One might believe these were prepubescent children playing in someone's backyard or woods after watching too much television. But that isn't the case at all. They are the product of a mutated religious philosophy that has nothing to do with the teaching of Christ and his disciples. It would be more than a little disingenuous to ignore the fact that historic barbarisms have been committed in the name of Christianity. They have certainly. But this is the 21st century where enlightenment about the true meaning of our faith includes an understanding that its basis lies in its dedication to peace and kindness and the Ten Commandments.
Well, at least that is the way I was taught by a mother and father who, while they never carried their religion on their sleeves, were committed to the ideals of love and tolerance and giving on a daily basis. What they understood as the guiding principles of Christianity had no relationship to those apparently followed by the Michiganders who regarded it as their Christian duty to train for Armageddon between innocence and evil without knowing the difference and, thus, coming down on the side of the latter.

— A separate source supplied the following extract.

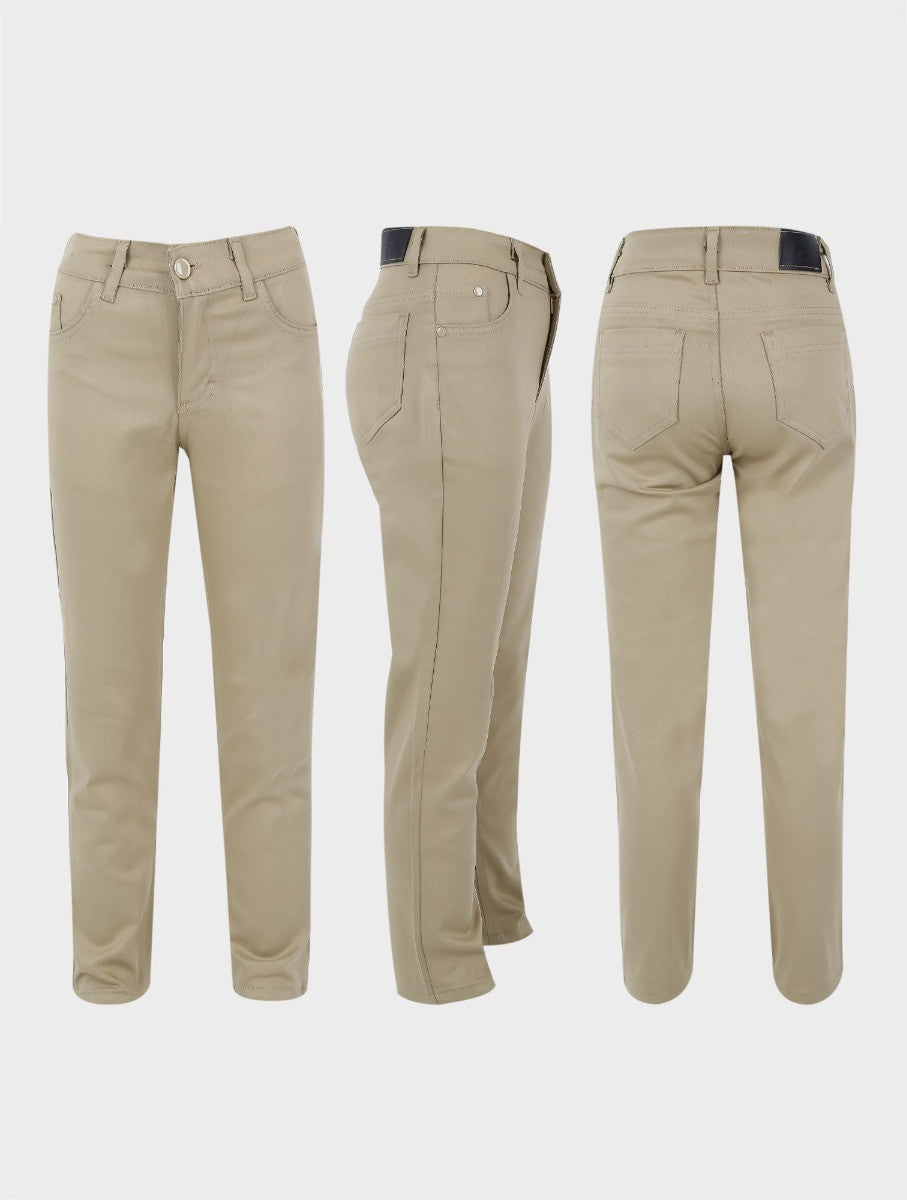 Boys Casual Stretch Chino Trousers - Beige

The problem is that these people aren't alone. Disaffected, ignorant followers of the philosophy of violence are popping up everywhere, posing a continuing threat to the law abiding. They're being helped both by the Internet that pulls them together and the easy access to weapons. The high rate of unemployment in states like Michigan has left otherwise normal citizens disaffected and vulnerable to the likes of those who hide behind religious masks and crazy schemes. Be careful. They aren't Christians.